Reed Celebrates National Lobster Day in Newport
Senator Reed teamed up with New England senators to pass a resolution officially designating September 25th as “National Lobster Day”
NEWPORT, RI – Today, U.S. Senator Jack Reed joined with lobstermen and women in Newport at the Lobster Shack on Pier Nine to celebrate the first annual National Lobster Day.
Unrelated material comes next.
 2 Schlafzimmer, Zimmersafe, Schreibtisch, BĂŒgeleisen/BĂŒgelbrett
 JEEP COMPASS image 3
The Newport Lobster Shack Kitchen is a co-op that serves seafood that is freshly caught by local fishermen and prepared in a dockside kitchen.
In early August, the U.S. Senate unanimously approved a resolution designating Friday, September 25, 2015 as “National Lobster Day.” The resolution, cosponsored by U.S. Senator Jack Reed, Susan Collins (R-ME), and five New England colleagues, recognizes the historic and economic importance of the lobster industry to Rhode Island and other states, and invited lobster lovers to mark their culinary calendars for the last Friday in September.
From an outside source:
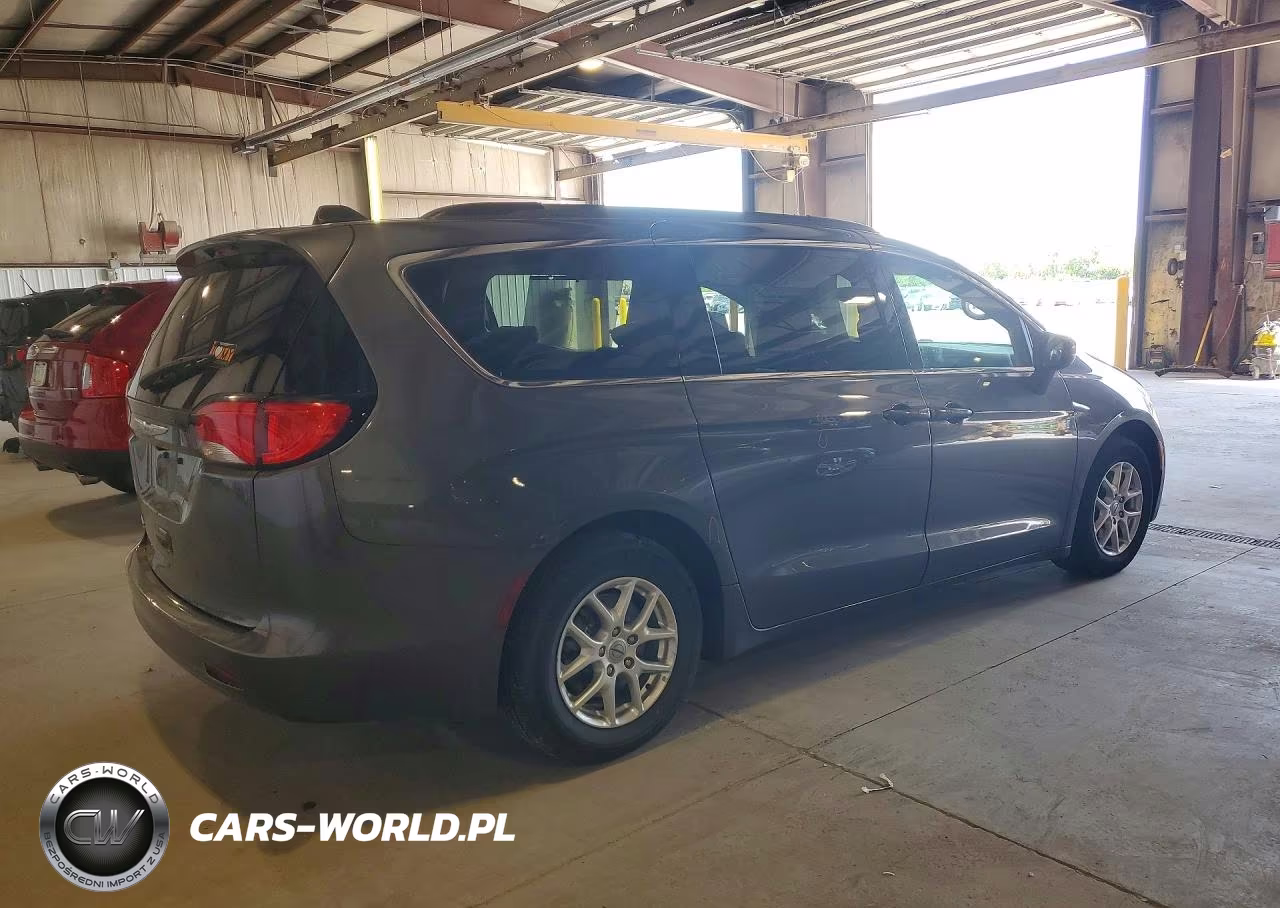 2021 Chrysler Voyager Lxi VIN:2C4RC1DG1MR508811 - 3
“We’re proud of our local lobstermen and women and the economic activity they generate. These businesses are unique and irreplaceable. For generations, their hard work, resiliency, and dedication have been a vital part of our coastal communities. As consumer demand for sustainably harvested, wild-caught New England lobsters continues to grow, ‘National Lobster Day’ offers an opportunity to celebrate and appreciate an industry that supports hundreds of Rhode Island families and helps bring tourists to the area to enjoy delicious, freshly caught lobster and seafood,” said Senator Reed, who enjoyed lobster bisque, lobster cakes, and a lobster roll.
According to the Rhode Island Department of Environmental Management (DEM), lobster typically ranks as Rhode Island’s second most valuable commercial fishery, behind squid. Last year, Rhode Island lobstermen hauled in roughly 2.4 million pounds of lobster with a value of $11.5 million. As Rhode Island-landed lobster are processed and move into the wholesale and retail markets, the total value of the fishery increases substantially – likely approaching $30 million – making it a crucial part of the state’s economy.
Nationally, more than 120 million pounds of lobster are caught each year in U.S. waters, representing one of the country’s most valuable catches.